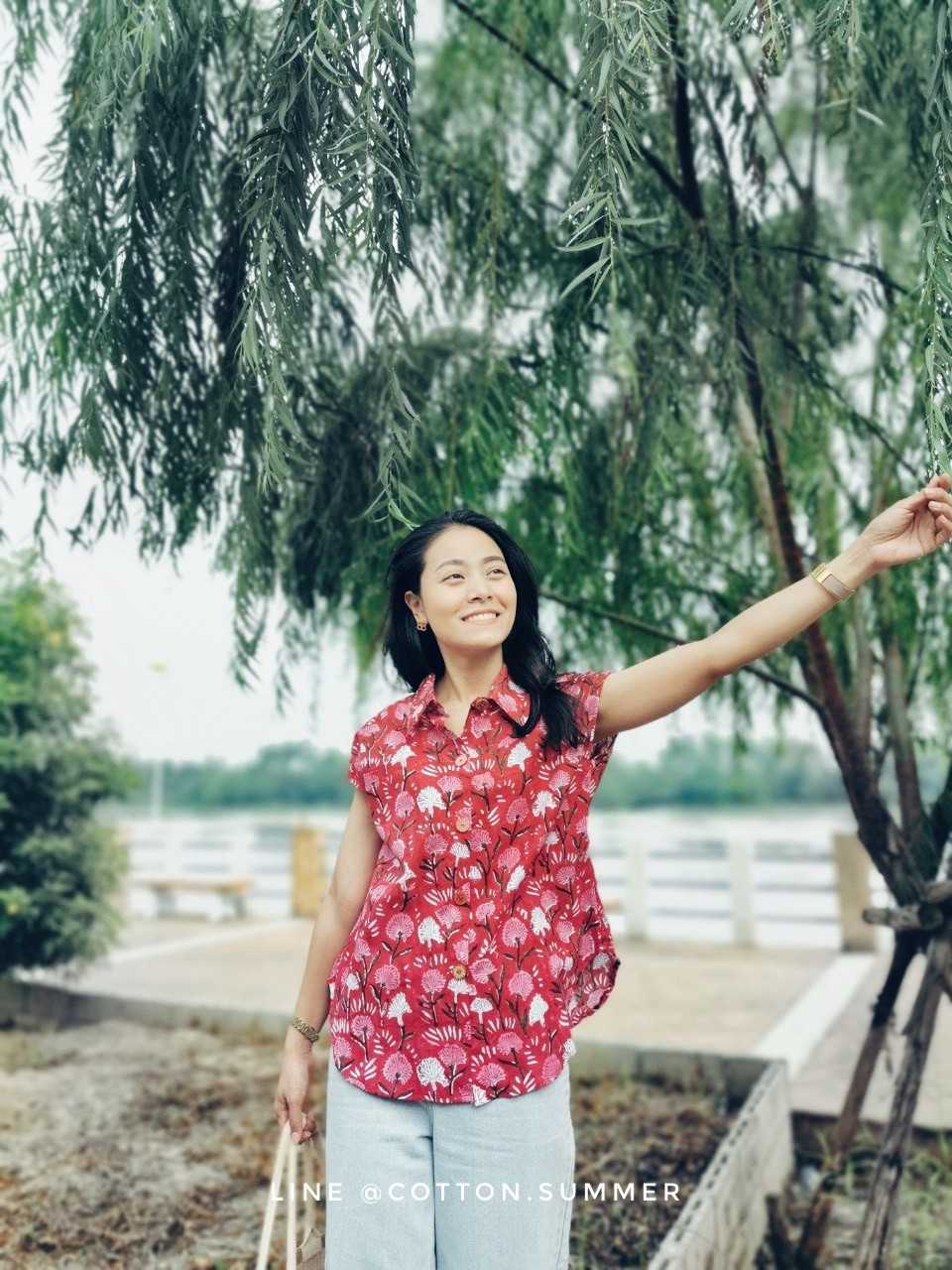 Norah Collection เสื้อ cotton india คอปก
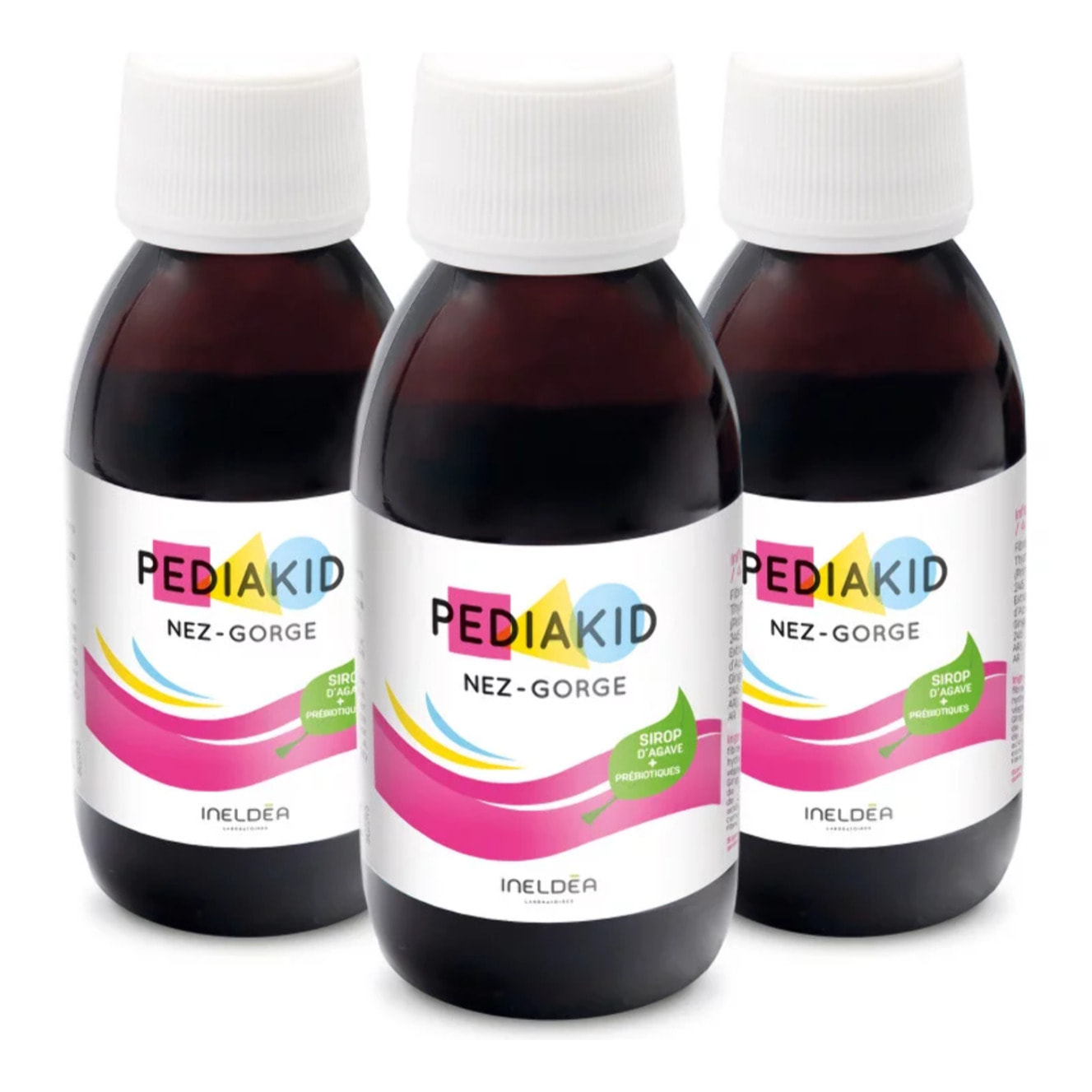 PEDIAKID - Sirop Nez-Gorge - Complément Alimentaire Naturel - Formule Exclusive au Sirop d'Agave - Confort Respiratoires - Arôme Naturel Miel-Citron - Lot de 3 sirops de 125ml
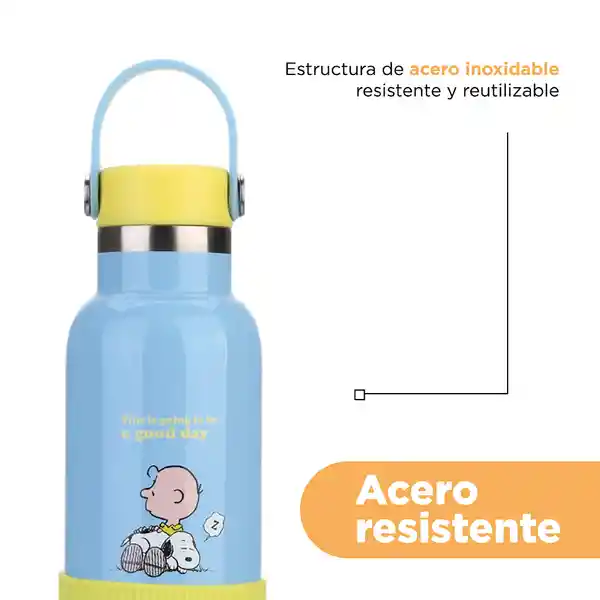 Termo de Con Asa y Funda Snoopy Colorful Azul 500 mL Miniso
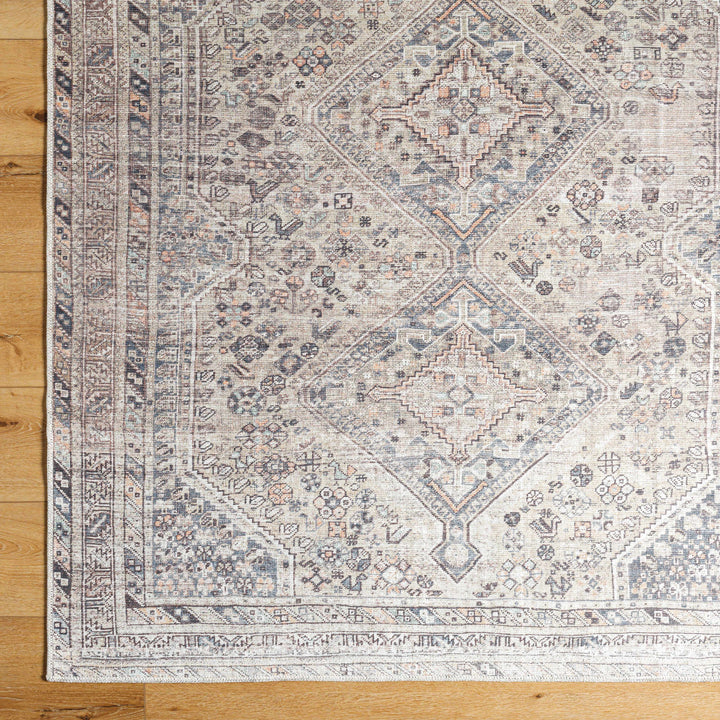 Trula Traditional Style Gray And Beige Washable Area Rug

-----

* **WORK REQUEST**:
All the lines above must be written out exactly, without a single picture.

* **RESPONSE AREA**:
 Norah Collection เสื้อ cotton india คอปก
 PEDIAKID - Sirop Nez-Gorge - Complément Alimentaire Naturel - Formule Exclusive au Sirop d'Agave - Confort Respiratoires - Arôme Naturel Miel-Citron - Lot de 3 sirops de 125ml
 Termo de Con Asa y Funda Snoopy Colorful Azul 500 mL Miniso
 Trula Traditional Style Gray And Beige Washable Area Rug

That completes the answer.